→ **Exercise instructions**: Retype the listing exactly; omit pictures.

→ **Data extracts**:
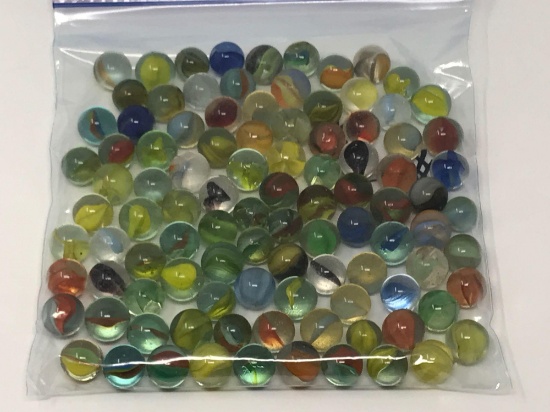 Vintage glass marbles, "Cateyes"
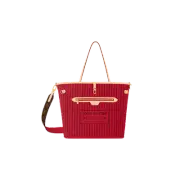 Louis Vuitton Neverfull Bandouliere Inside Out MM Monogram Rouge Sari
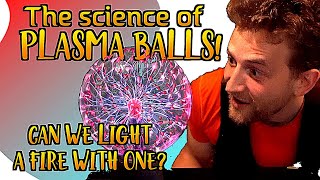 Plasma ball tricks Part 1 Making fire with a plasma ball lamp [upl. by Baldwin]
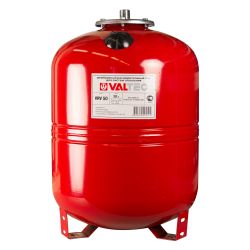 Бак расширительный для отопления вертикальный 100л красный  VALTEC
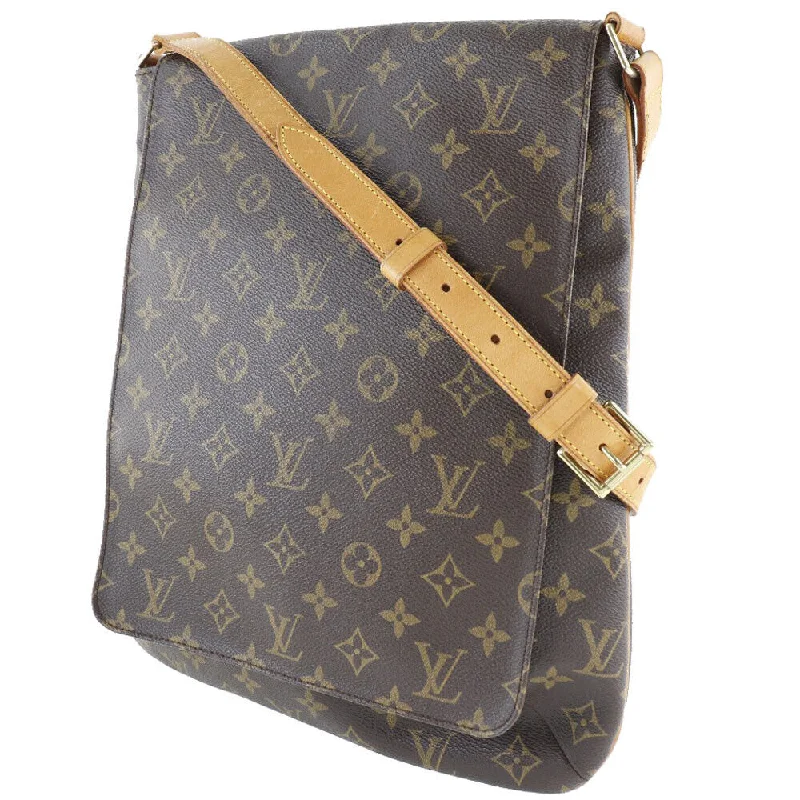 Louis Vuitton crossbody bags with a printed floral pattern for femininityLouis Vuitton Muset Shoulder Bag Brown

→ **Written solution**:
 Vintage glass marbles, "Cateyes"
 Louis Vuitton Neverfull Bandouliere Inside Out MM Monogram Rouge Sari
 Plasma ball tricks Part 1 Making fire with a plasma ball lamp [upl. by Baldwin]
 Бак расширительный для отопления вертикальный 100л красный  VALTEC
 Louis Vuitton crossbody bags with a printed floral pattern for femininityLouis Vuitton Muset Shoulder Bag Brown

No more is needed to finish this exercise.